美姫は自分の家へ一度戻ってから私をバスターミナルへと送りに来るということであった。四時発の高速バスへ乗るまでの間、私は市の繁華街を一通り見て、適当な土産ものを購入して時間をつぶした。バスターミナルで指定された時間に乗り込んだとき、一台のタクシーがターミナルの脇に停まった・美姫だ。なにか四角い箱を袋に入れて持って来るようだ。私は思わずバスから降りて美姫の方に近づいた。

「まだ、出発まで十分近くあるよ。そんなにあわてなくても大丈夫だよ。だいいち、体にきついでしょ?!そんなに急いで……」

私は時計の方を指しながら美姫に笑って言った。

「ああ、よかった!今日は本当にありがとう。本当にしあわせな気分だった。蓮の花を毎年見に行っていたことによる……。きっとお釈迦様のお導きです。本当にうれしいです」

「それはよかった。ぼくもとてもうれしい。君の幸せに包まれた笑顔がとてもきれいだから……。またきっと石窟庵には行けるよ。だいたい様子も分ったでしょうから、今度は別の誰かにたのんでもいいんじゃない?!いつか、もし、ぼくでよかったら大丈夫、また一緒に行きましょう!ねぇ!」

「そんな素晴らしい時がまた来ましたらぜひ……。その時はまたよろしくお願いいたします。これ、私の本当のお礼の気持ちです。どうか受け取ってください。お願いします。とうぞ……」

美姫はあの少し寂しげな影を浮かせて真剣な眼差しで私を見つめた。涙があふれそうに目の縁際に溜まっていた。

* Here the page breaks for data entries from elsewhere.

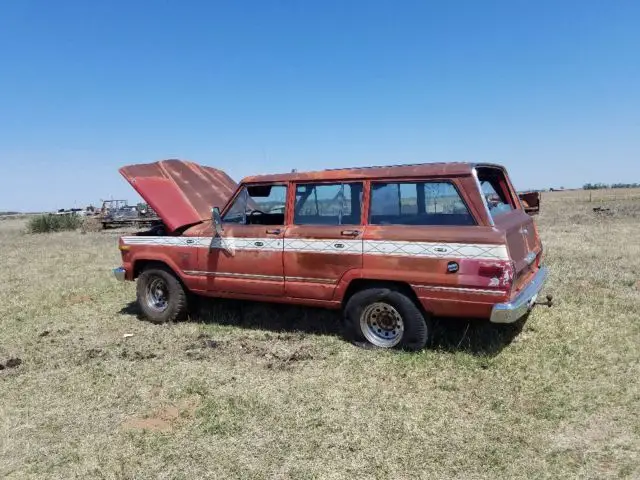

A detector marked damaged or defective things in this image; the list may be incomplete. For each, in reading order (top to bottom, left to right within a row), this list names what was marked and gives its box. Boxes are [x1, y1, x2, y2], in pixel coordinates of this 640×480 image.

rusted paint [119, 160, 236, 233]
rusty red station wagon [114, 159, 552, 350] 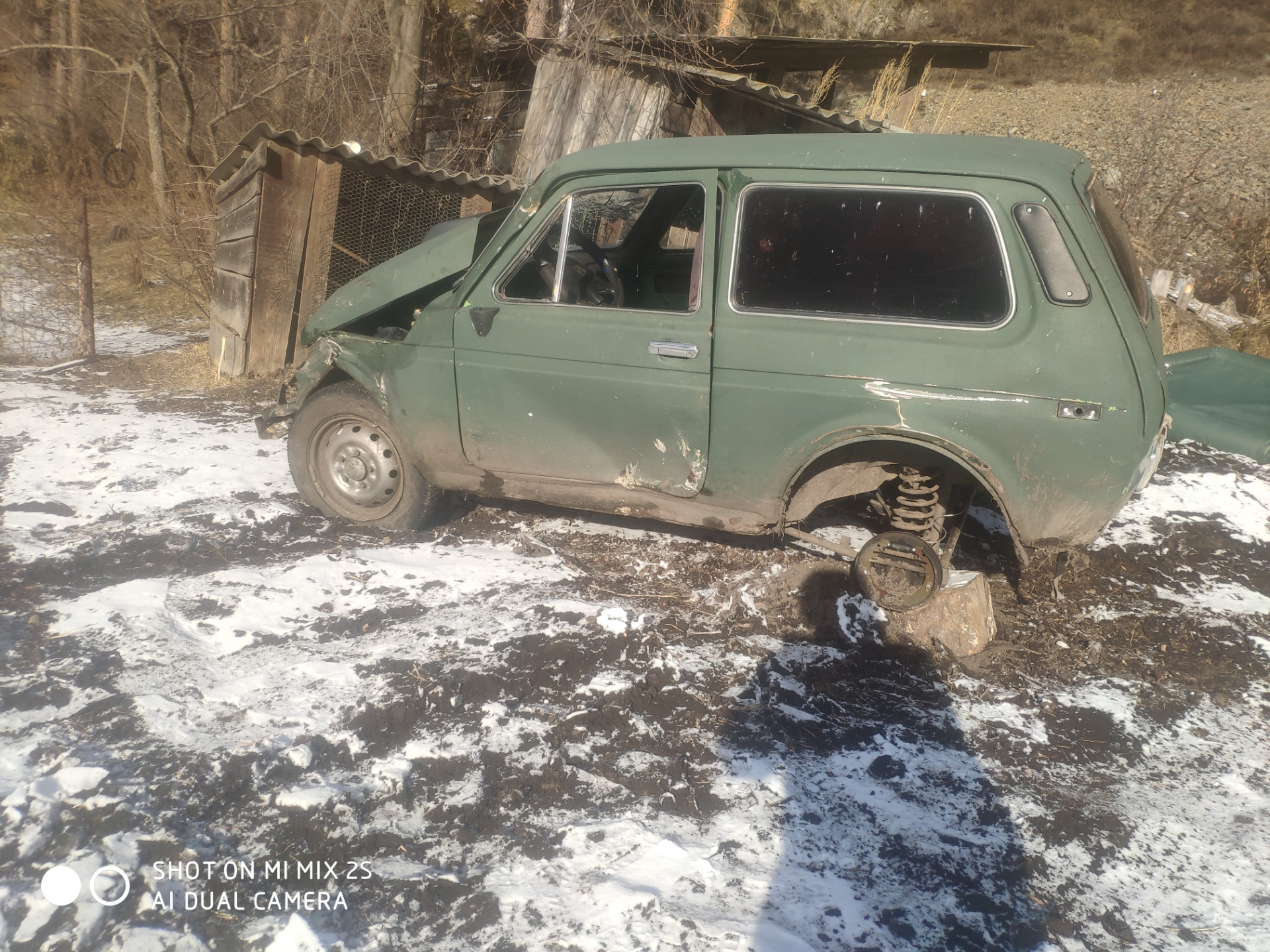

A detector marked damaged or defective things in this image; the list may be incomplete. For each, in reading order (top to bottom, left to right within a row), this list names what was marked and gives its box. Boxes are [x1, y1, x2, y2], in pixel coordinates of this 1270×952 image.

rusty metal roof sheet [210, 123, 518, 198]
damaged green car [257, 134, 1168, 581]
dented car body [263, 135, 1163, 566]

「わかった。どうもありがとう。君の真心、ありがたくいただいておくことにする。本当にありがとう」

私も思わず涙がこぼれそうになった。そひてどちらからともなく歩み寄ってお互いをそっと抱いた。韓国語に続いて英語でソウル行きのバスがまもなく出発するアナウンスが鼻にかかった音で告げれた。もう一度私たちは互いの体を強く引き寄せあった。

 

ソウルへ帰る高速バスの中で、私はいただいた四角い箱をいれた袋をそっと開けてみた。それは箱に入った白磁の壺であった。白い紙が二枚添えられていた。一枚には日本語で、空港の税関では、中を見せてください、といわれた時この紙を係りの人に見せてください。そうすれば問題なくあなたの国へ持ち込むことができるはずです、という意味のことが書かれていた。そしてもう一枚にはハングル文字でなにかが簡潔に書いてあった。なんとなく威厳の在る命令書であるような感じがした。ソウルへ着いてから私は改めて壺を箱から取り出して眺めてみた。形の整った自然な感じのする高さが二十センチメートルくらいの大きさの壺であった。美姫にもらった思い出の壺であるということだけが、その壺をなんとしても大切にしようという気持ちを強く支えていた。

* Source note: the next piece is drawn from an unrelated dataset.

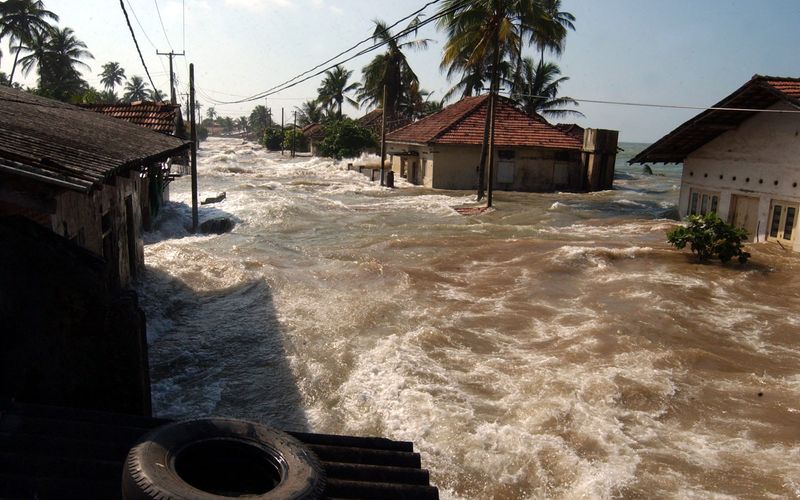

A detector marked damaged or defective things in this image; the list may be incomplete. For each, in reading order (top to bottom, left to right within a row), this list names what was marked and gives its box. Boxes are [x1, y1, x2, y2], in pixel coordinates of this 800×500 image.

damaged structure [384, 94, 616, 192]
damaged structure [632, 74, 800, 250] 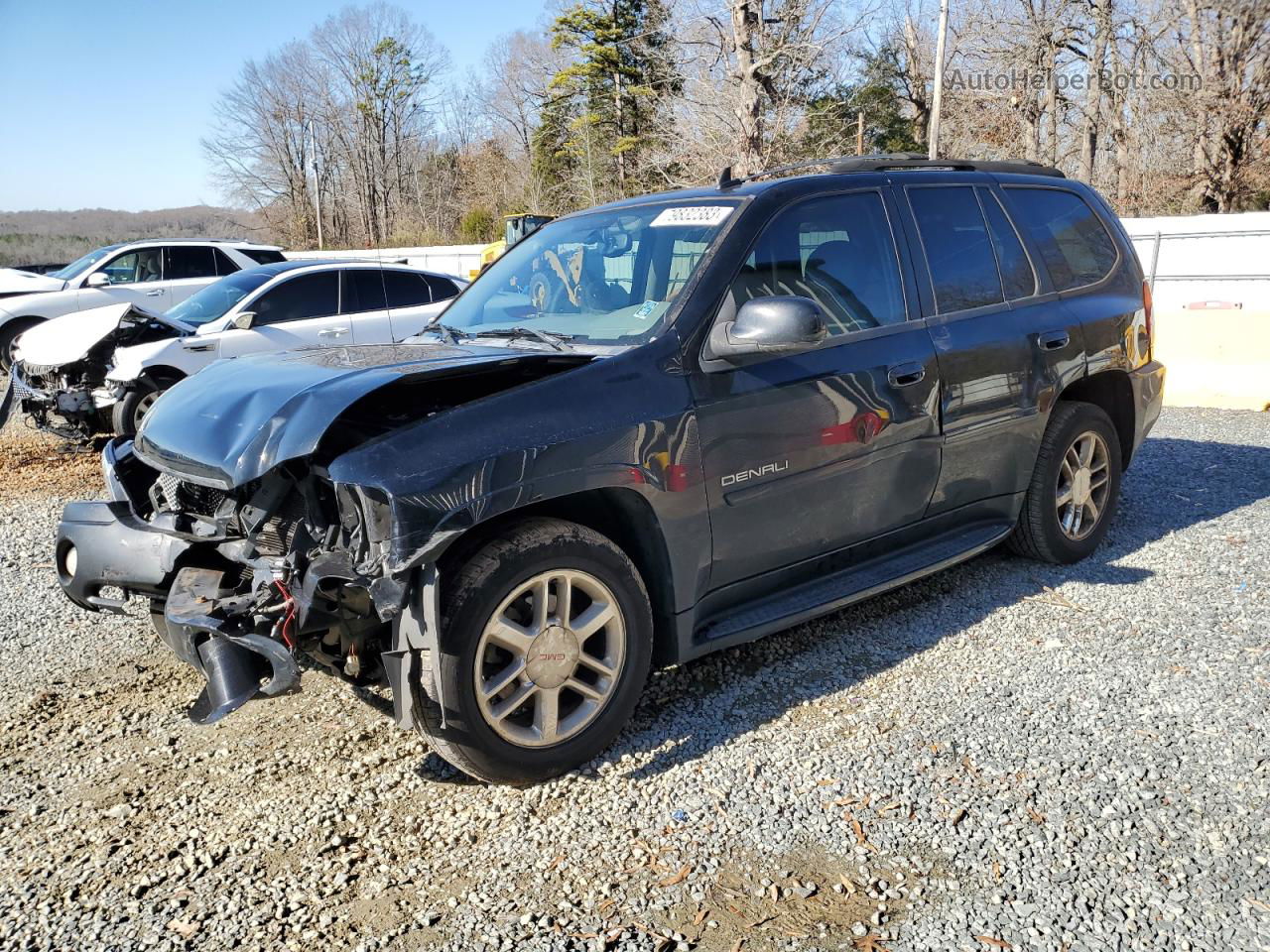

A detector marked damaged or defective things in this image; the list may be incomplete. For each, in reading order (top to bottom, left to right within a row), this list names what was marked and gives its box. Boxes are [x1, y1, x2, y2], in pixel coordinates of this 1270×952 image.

翌日、金浦空港を出る時、私は大切な壺を箱にいれる時にあわせて韓国語で書かれた紙を字が見やすいように上に向け、自分の手荷物の中に一緒にいれた。セキュリティチェックの時に係官がそれを開けてくださいと要求したが、木の蓋を開けて中を覗いて数秒すると係官は再び蓋を閉めて気のせいか、丁寧な態度でそれを私に返してくれた。成田へ着いた時にもなにかお土産品で申告するものはありませんかと言われたとき、これをいただきました、とその箱を見せようとしたが、係官は特に開けて調べることもなく、そのまま通って良いことを告げた。こうして私のその夏にかかるソウル、慶州への一人旅は終わった。